Trouble in Limbo- The State of the Egyptian State

For a voter or a politician Egypt is a confusing place at the moment. Nothing seems to have been sorted out after the ousting of Hosni Mubarak in 2011. And the feeling is that time to fix the mess is running out.

The second round of a presidential election is imminent. Many involved in last year’s revolution, Egyptians liberals, are dismayed at the stark choice they see before them. The religiously conservative Muslim brotherhood’s Mohammed Mursi or Mubarak’s last Prime Minister and a former Airforce officer, Ahmed Shafik. How did it come to this, they wonder. Protesters are back in Tahrir square, ever more worried that their revolution for a modern, democratic Egypt will be hijacked either by the muslim brotherhood or by the old regime.

Three other candidates were disqualified from standing already and Shafik may yet be as well, if it’s found that his candidacy breaches a law that bans figures too close to the old regime from standing.

The Muslim brotherhood has control of two-thirds of parliament after elections last year. A Muslim brotherhood President would tighten their grip on power, which terrifies liberals. However the parliamentary elections themselves still have a question mark dangling over them. They may have been unconstitutional, meaning they would have to be re-run, meaning Egypt would have no parliament or president.

A lot of the disagreement is made more confusing and more intense by the fact that Egypt still has no new constitution either. In fact a year and half after the revolution the various parties can’t even agree on the makeup of the committee which is to draft it.

No, constitution, no parliament (possibly), no president. Most agree this is a recipe for chaos in a country still feeling the reverberations of popular protests on Cairo’s Tahrir square. So who has to decide? Everyone seems to be turning to the courts.

On the presidential issue the courts have to decide if the election commission was right to refer Ahmed Shafik’s candidacy question to the court. But they could also rule that the law banning Mubarak era figures from standing, which was rushed through parliament, may itself be unconstitutional. Depending on these two rulings former Prime Minister Ahmed Shafik may remain in the running, be removed from it, or the whole presidential race against his rival Mohammed Mursi be scrapped and start again.

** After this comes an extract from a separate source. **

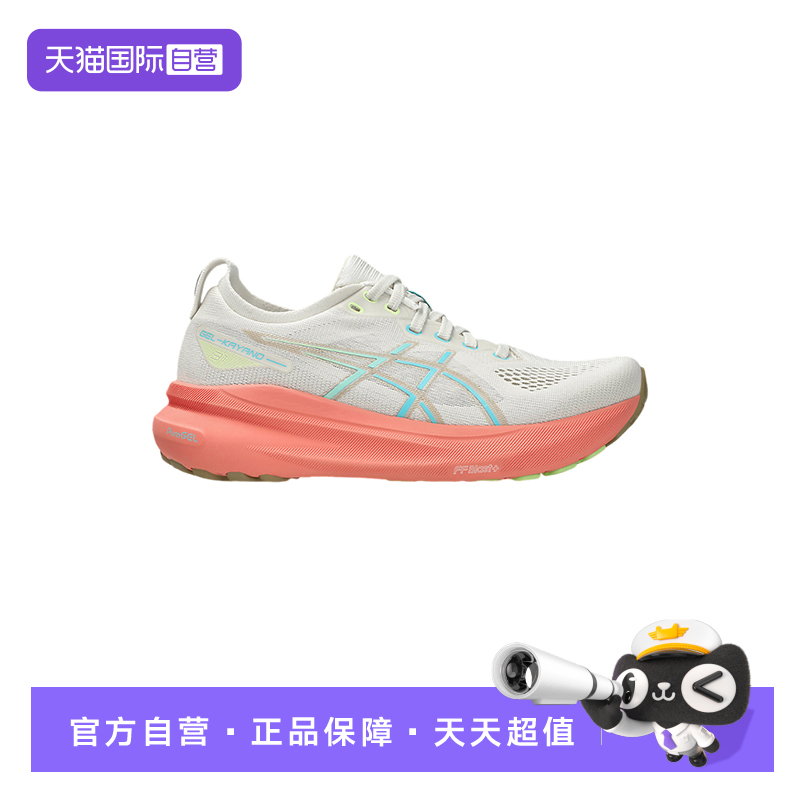 【自营】Asics亚瑟士女子休闲跑鞋稳定支撑运动鞋 1012B670-200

Nobody can confidently see through the maze of competing rules and possible outcomes to predict what might happen.

On the parliamentary election, in which the Muslim brotherhood did so well, the question revolves around how they were conducted. There was a combination of different voting systems used. The courts may rule that this was unconstitutional so the parliament would have to stand down and be elected again. The Muslim Brotherhood is thought to have lost support since then, with people disappointed in their choices in parliament, so they don’t want a re-election in which they could lose their gains.

But wait a minute. How can this and that be unconstitutional when Egypt doesn’t have a constitution! It’s all part of the muddle Egypt finds itself in. There is currently a constitutional declaration which everyone is trying to refer to. But it’s not a full constitution. And here we come to the only real remaining authority in Egypt; the army and the ruling Supreme Council of the Armed Forces, or SCAF.

They are supposed to hand over control of Egypt to a civilian administration in a few weeks. But it’s increasingly likely the court could delay its decision or that SCAF could decide to delay the handover.

But people see the army and SCAF as too close to the old regime. They were furious when recently six senior security officials were acquitted of involvement in the killing of hundreds of protesters in the 2011 revolution. Most people I spoke to didn’t blame the judge but did see the trial as a product of the old regime seeking to protect itself.

All of the above places enormous pressure on Egypt’s courts. They have little constitutional guidance, little room for perceived bias and little time. And everyone’s watching them.